Two days ago, after almost a week of going back and forth, I started the haunting journey to Poveglia Island, the island of no return. A small island off Venice, Poveglia has one twisted history – it was a dumping ground for diseased bodies on the several occasions that Venice was gripped by the bubonic plague, with about 160,000 infants and adults meeting their grisly fate by being thrown into huge bonfires or pits. In the 1920s, a mental hospital was built on the island and according to folklore, the doctor tortured and killed his patients until he was finally thrown from the bell tower. He apparently survived but was strangled by a strange mist that came out of the ground.
This particular goal of traveling to Poveglia was FAR from easy for me. As I child I was haunted by horrific nightmares that would keep me up all night or send me running to the safety of my parents’ bed more times than I care to remember. As a result, I’ve yet to even watch a horror film from start to finish. After sitting through paranormal activity (covering my eyes for the last ten minutes), I spent the next week avoiding my basement like the plague. You could say that when it comes to the things that go bump in the night, I react about as well as the cowardly lion. But at the end of the day, this was something I needed to do and I wasn’t backing down.
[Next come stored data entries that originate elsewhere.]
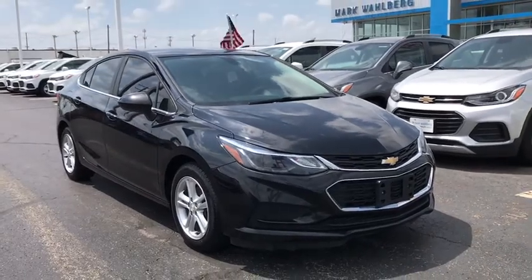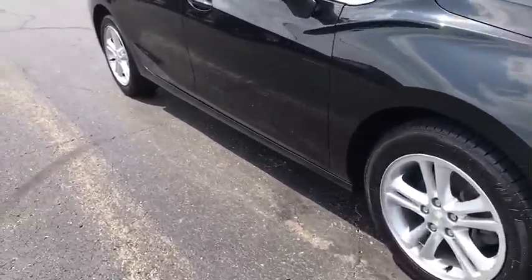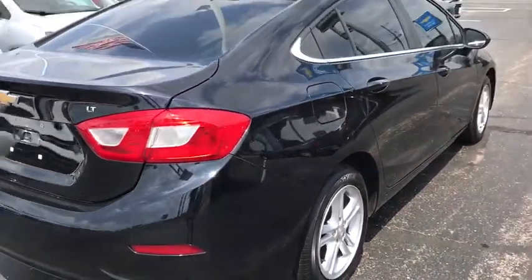Make a great choice today with the 2017 Chevrolet Cruze. The Cruze Blueprint calls for more than you'd expect. This vehicle has less than 85,000 miles. Here are some of this vehicle's great options.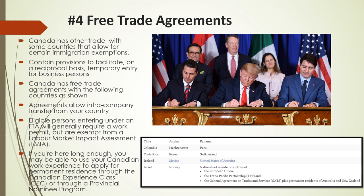Number 4: Free Trade Agreements. In addition to the most well-known trade agreement, NAFTA, being replaced by the USMCA, Canada has other trade agreements that allow for certain immigration exemptions. The only problem is these agreements are only open to citizens from eligible countries. International Free Trade Agreements contain provisions to facilitate, on a reciprocal basis, temporary entry for business persons. Eligible persons entering under an FTA will generally require a work permit, but are exempt from a Labour Market Impact Assessment (LMIA).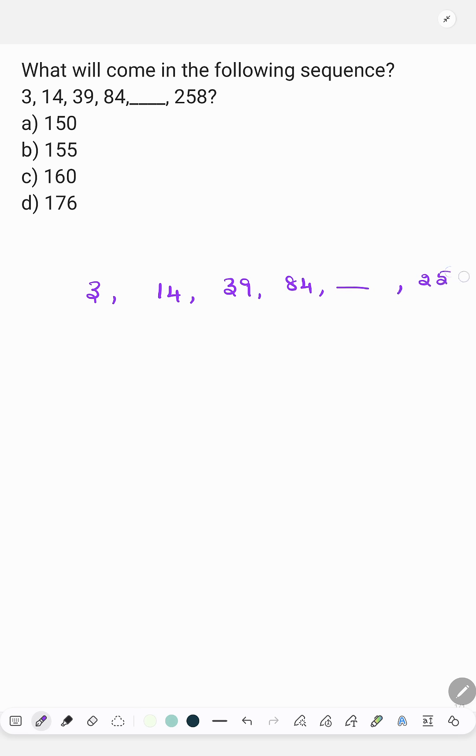Next 258. So, 3 is 1 plus 1 square plus 1 cube, so 1 plus 1 plus 1 is 3.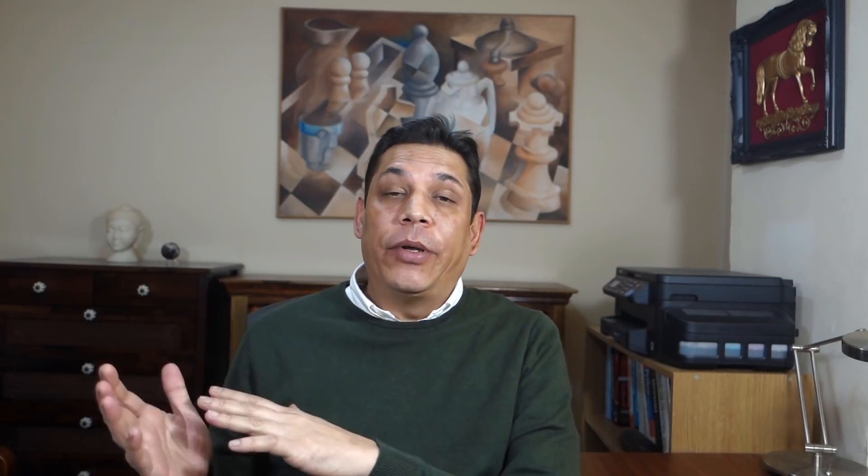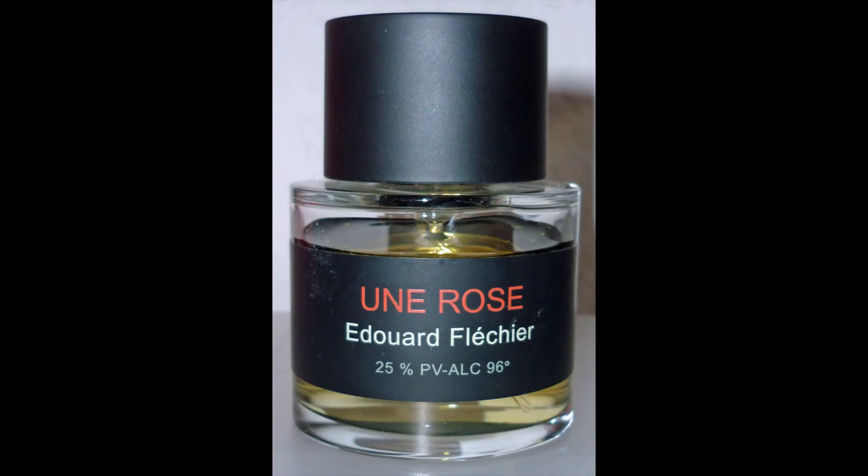This was released this year. Tobacco Reserve — the bottle and presentation will remind you of the classic Aramis. It's been done by a perfumer who hasn't done a lot of work recently but has been prolific in the past. His name is Edouard Flechier. His notable work includes some fragrances for Aramis, and the one I remember is Une Rose by Frederic Malle. This fragrance is a very important release of 2018.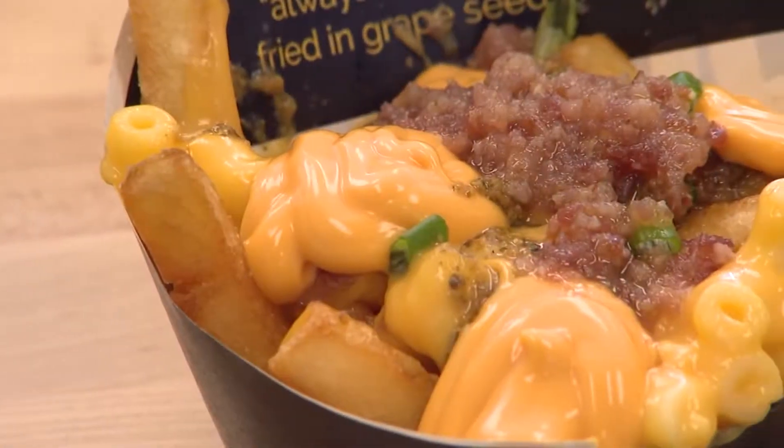I'm here with Joe Semonera at Pommes Fries, the authentic Belgian fries. Joe, tell me about this place.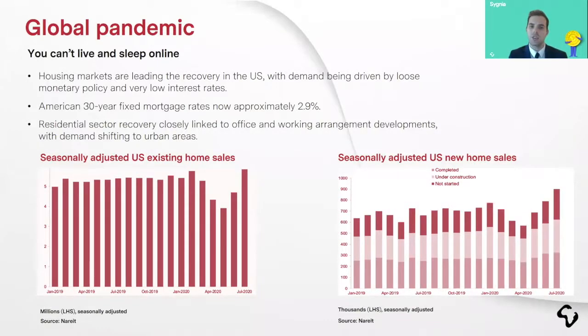Looking at home sales in the US, residential property is actually leading the rebound. The graph on the left-hand side indicates the jump in existing home sales in July, really picking up. On the right-hand side, new homes — those being completed, those still under construction, and importantly the darker shaded area showing planned construction for the months ahead, really spiking. All of this is being driven by supportive monetary policy and strong rate cuts. You can get a 30-year fixed mortgage for interest of under 3% in the US.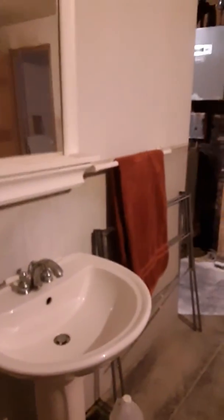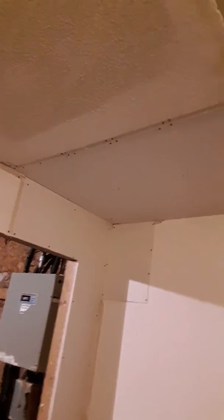Everything's sealed up real nice — disassembled and assembled back real well. Praise the Lord. This job has went pretty well, and these are other boards that I pulled out. It's ready for some finish work. At a drywall replacement, you can see the new boards that I put in here.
Getting to the island was surprisingly easy. I decided that paying 180 Euros for the short boat ride was far too much and went out in search of a better deal. Shockingly the first captain I talked to was willing to make the trek for only 130. After reading countless stories online about the locals who refused to approach this place and the amount of time other people had invested in finding a soul brave enough to take them there, I was convinced I was going to be in for much more of a fight.
When we got to the island and I watched him pull away, things didn’t really hit me the way I thought they would. Being 30 degrees outside, sunny and watching the hundreds of boats zooming by, it wasn’t exactly haunting. Even the mental institution, while admittedly spooky, lost some of its “charm” in the cloudless sky above.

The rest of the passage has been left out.